La politique commerciale de l’ancien président Donald Trump est au cœur d’une bataille juridique devant la Cour suprême des États-Unis, tandis que l’administration actuelle défend les droits de douane comme un outil essentiel à la protection de l’économie américaine. L’enjeu est de taille : plus de 215 milliards de dollars de recettes douanières sont en jeu, et l’issue pourrait redéfinir les pouvoirs du président en matière de commerce international.
Les arguments ont débuté le 5 novembre 2025, et la Cour suprême doit déterminer si Trump avait le pouvoir, en vertu de la Loi sur les pouvoirs économiques d’urgence internationaux (IEEPA), d’imposer ces droits de douane, et si ces actions ont empiété sur les prérogatives du Congrès. Une cour d’appel fédérale avait précédemment jugé que Trump avait outrepassé ses pouvoirs en utilisant l’IEEPA pour justifier de nouveaux tarifs sur les marchandises importées, estimant que cette compétence revenait au Congrès ou aux mécanismes de politique commerciale existants.
L’administration américaine, par la voix de son porte-parole Kush Desai, a affirmé que les droits de douane étaient une utilisation légitime des pouvoirs présidentiels. « Nous attendons avec impatience une victoire finale sur cette affaire devant la Cour suprême », a-t-il déclaré.
Parallèlement à cette bataille juridique, Donald Trump a défendu avec véhémence sa politique tarifaire, affirmant qu’elle avait contribué à la prospérité économique des États-Unis. Il a même qualifié ceux qui s’opposent aux droits de douane de « fous » sur son réseau social Truth Social : « Les gens qui s’opposent aux droits de douane sont des FOOLS ! Nous sommes désormais le pays le plus riche et le plus respecté au monde, avec une inflation quasiment nulle et un cours boursier record. »
Trump a également promis de redistribuer les revenus générés par ces droits de douane aux Américains, sous la forme d’un dividende d’au moins 2 000 dollars par personne (à l’exclusion des hauts revenus). Il a également affirmé que les États-Unis étaient sur le point de commencer à « rembourser notre ÉNORME DETTE », qui s’élève actuellement à plus de 38 000 milliards de dollars (environ 38 000 milliards d’euros), selon les derniers chiffres du département du Trésor.

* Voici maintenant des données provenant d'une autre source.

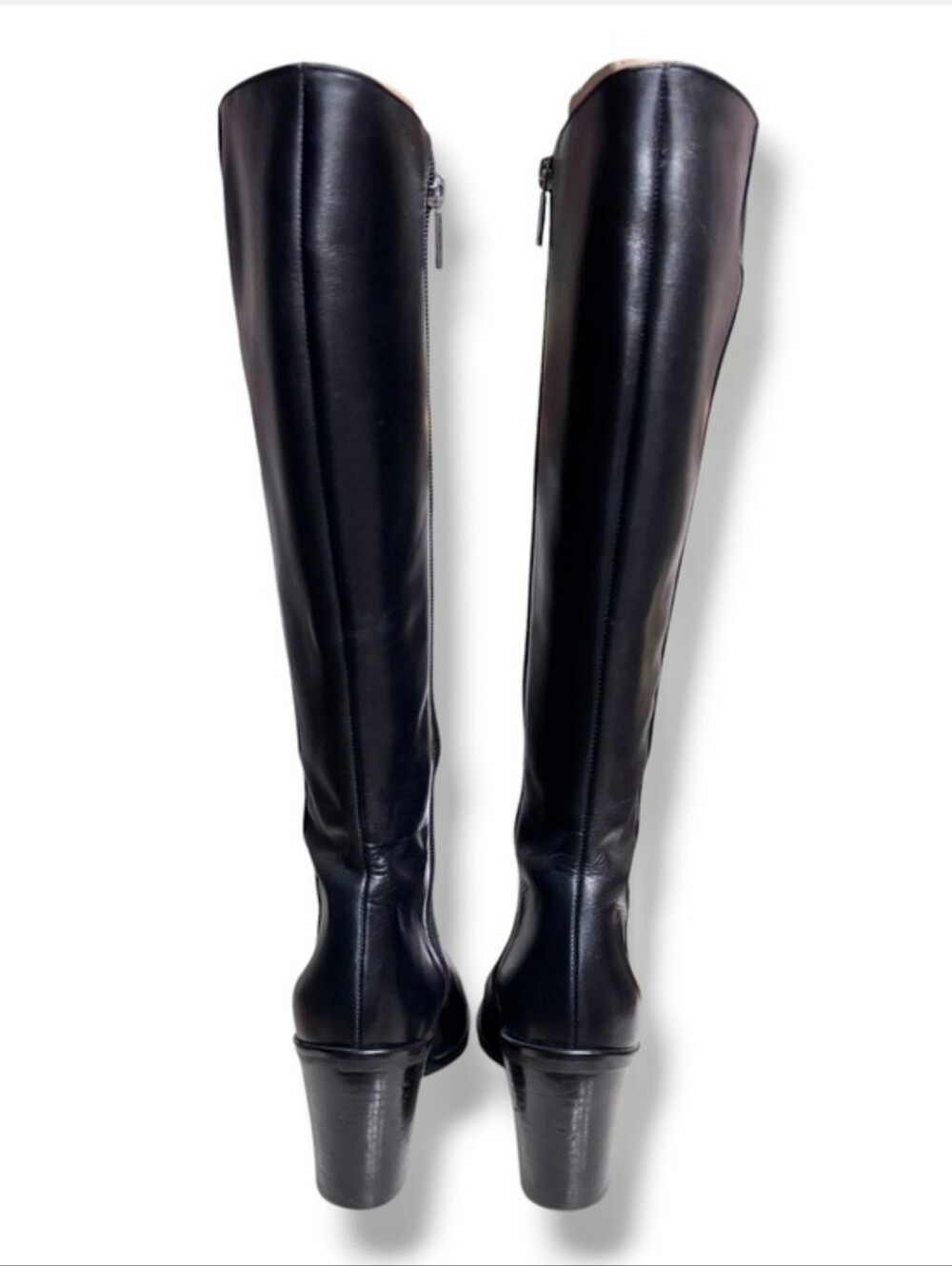 ENZO ANGIOLINI Black Leather Side Zip Block Heel Knee Boots Helmer Size 7.5 - Picture 3 of 9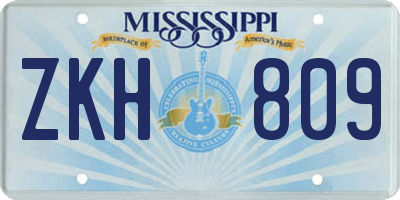 MS license plate ZKH809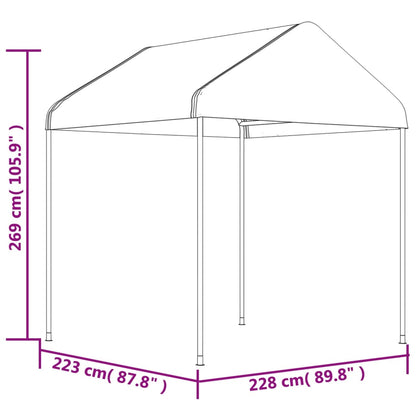 Gazebo con Tetto Bianco 15,61x2,28x2,69 m in Polietilene - homemem39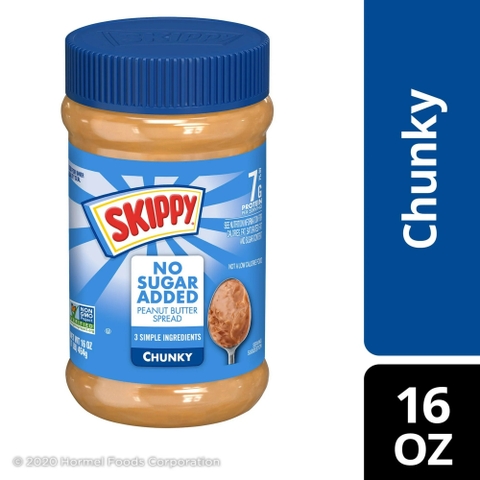 Bơ Đậu Phộng Không Đường SKIPPY® Chunky Peanut Butter Spread No Sugar Added, Hộp 454g (16 Oz.)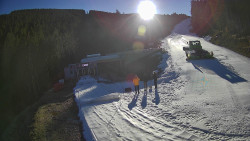 Modrá sjezdovka - dojezd k lanové dráze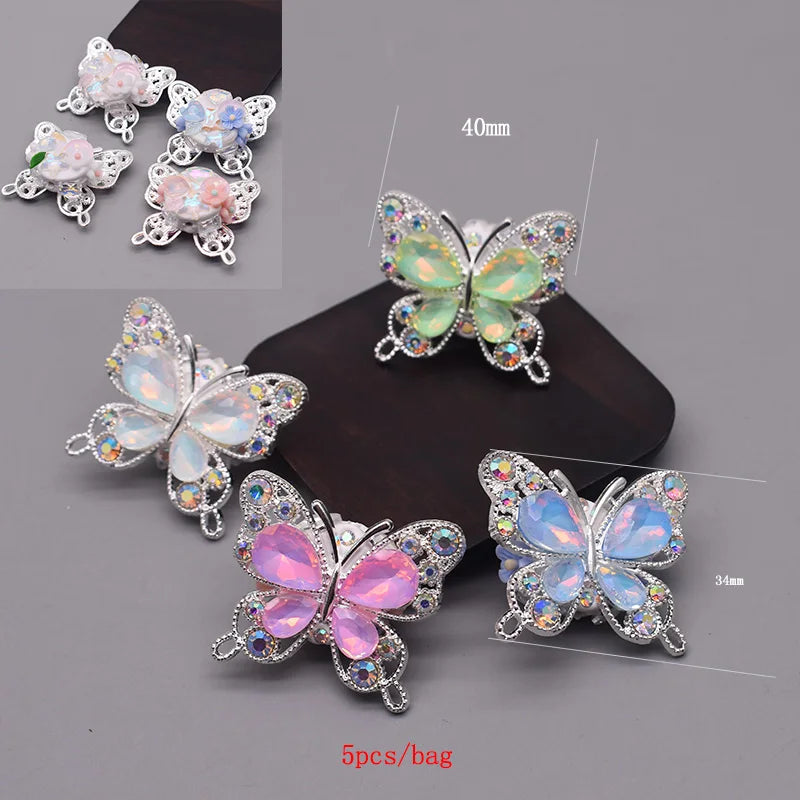 5pcs/bag Handmade Butterfly Round Flower Ball Heart Beads for Jewelry Making DIY Phone Chain Bead Pen Accessories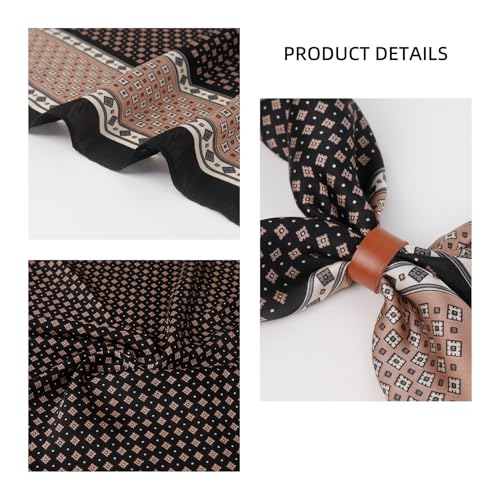 Image of 27.5 Inches Square Silk Feeling Neck Scarf for Men Necktie Silk Bandanas Pocket Square Cowboy Scarves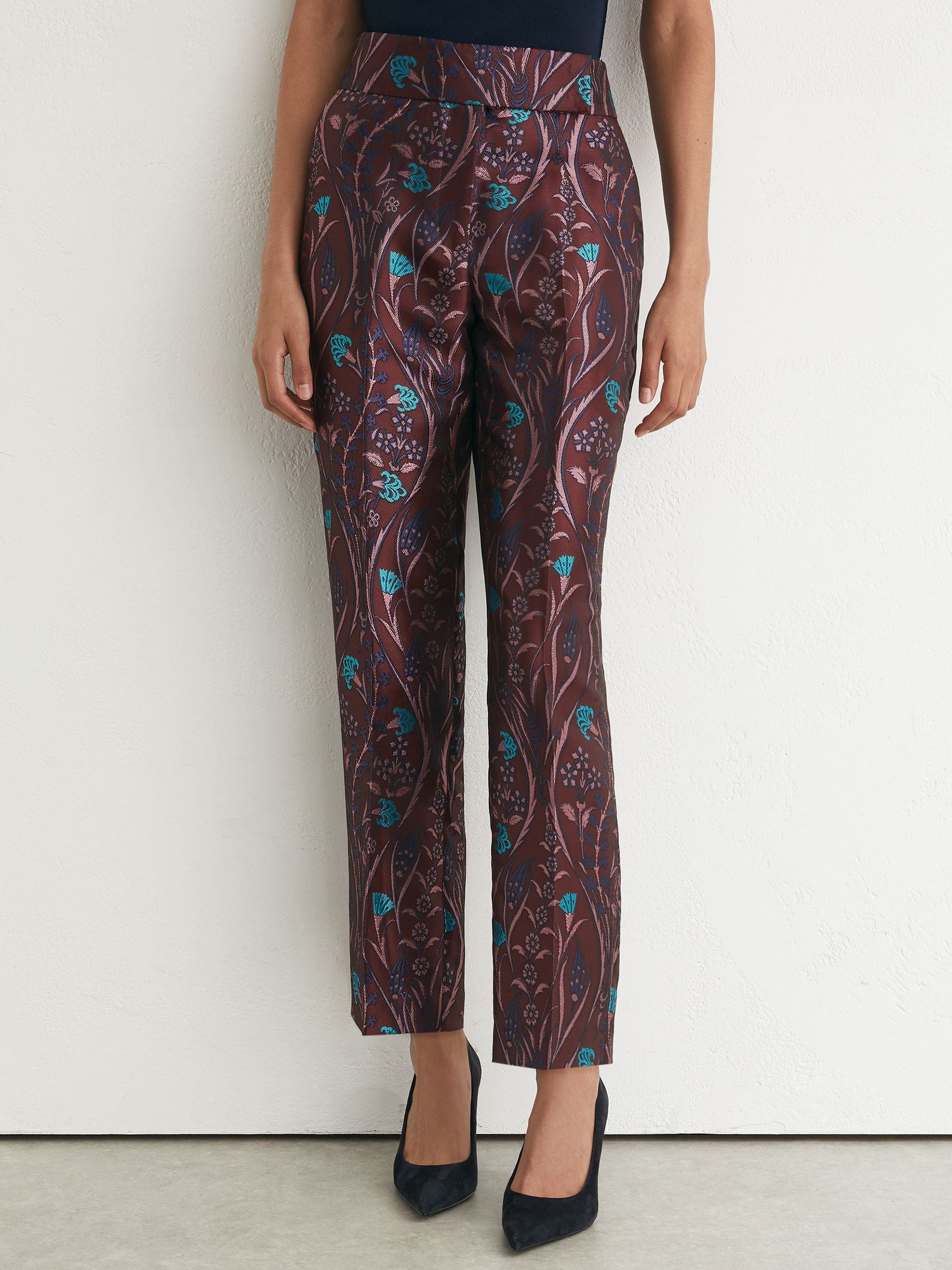 Jacquard Tapered Trousers in Purple - Image 4 de 8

Les recettes douanières ont connu une forte augmentation depuis l’annonce du « Jour de la Libération » tarifaire par Trump en avril. Elles sont passées de 23,9 milliards de dollars en mai à 28 milliards de dollars en juin et 29 milliards de dollars en juillet. Au total, pour l’exercice 2025, qui s’est achevé le 30 septembre, les recettes douanières ont atteint 215,2 milliards de dollars. Depuis le 1er octobre, début de l’exercice 2026, les États-Unis ont déjà collecté 35,9 milliards de dollars grâce aux droits de douane.
Trump a également souligné que son programme économique avait conduit à des « investissements records » dans les usines et les installations de fabrication américaines, affirmant que les États-Unis étaient devenus « le roi des visites » grâce à l’amélioration de la balance commerciale.